PROBLEM STATEMENT —
The line with "Heavy duty machinery" starts the range, and the last line of the listing ends it. Retype that range exactly, without pictures.

SOURCE DATA —
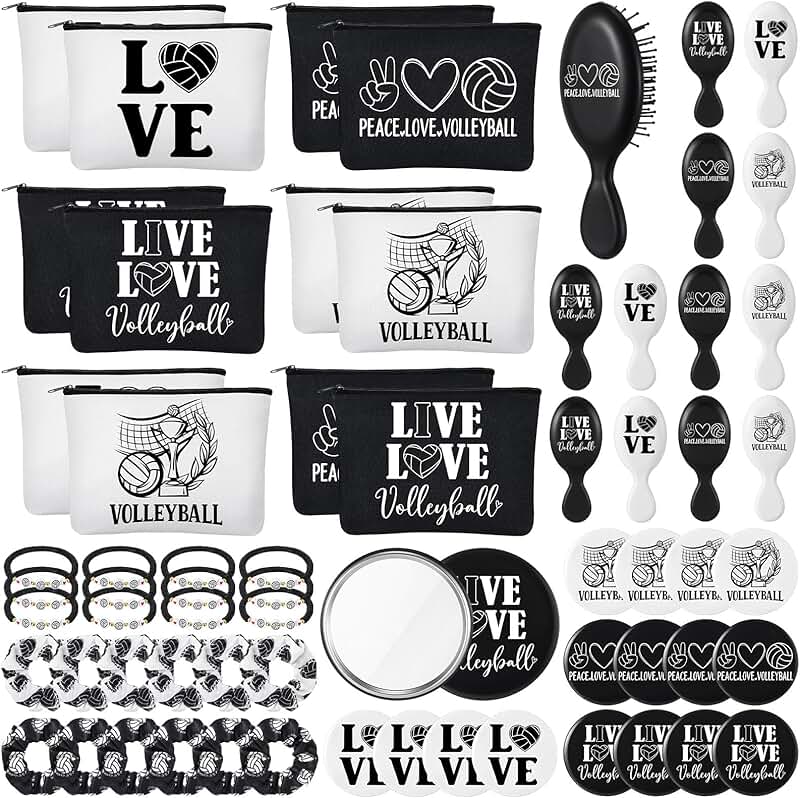 60 Pcs Volleyball Team Gift Set for Teen Girls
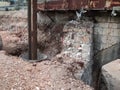 Heavy duty machinery used for drilling holes in the ground on construction site. Royalty Free Stock Photo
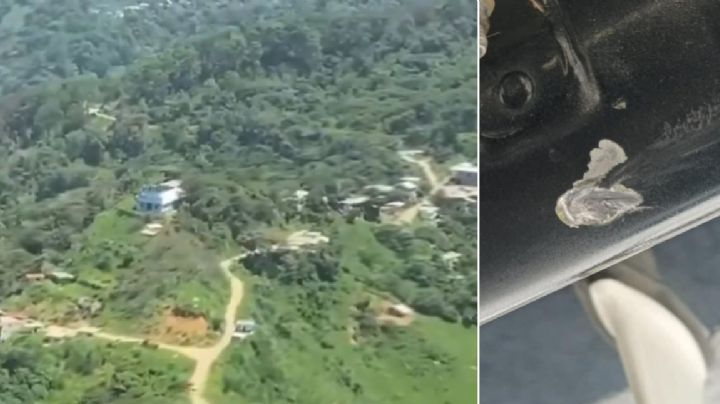 Disparan a helicóptero de Protección Civil de Chiapas (Video)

SOLUTION FOR THIS TASK —
 Heavy duty machinery used for drilling holes in the ground on construction site. Royalty Free Stock Photo
 Disparan a helicóptero de Protección Civil de Chiapas (Video)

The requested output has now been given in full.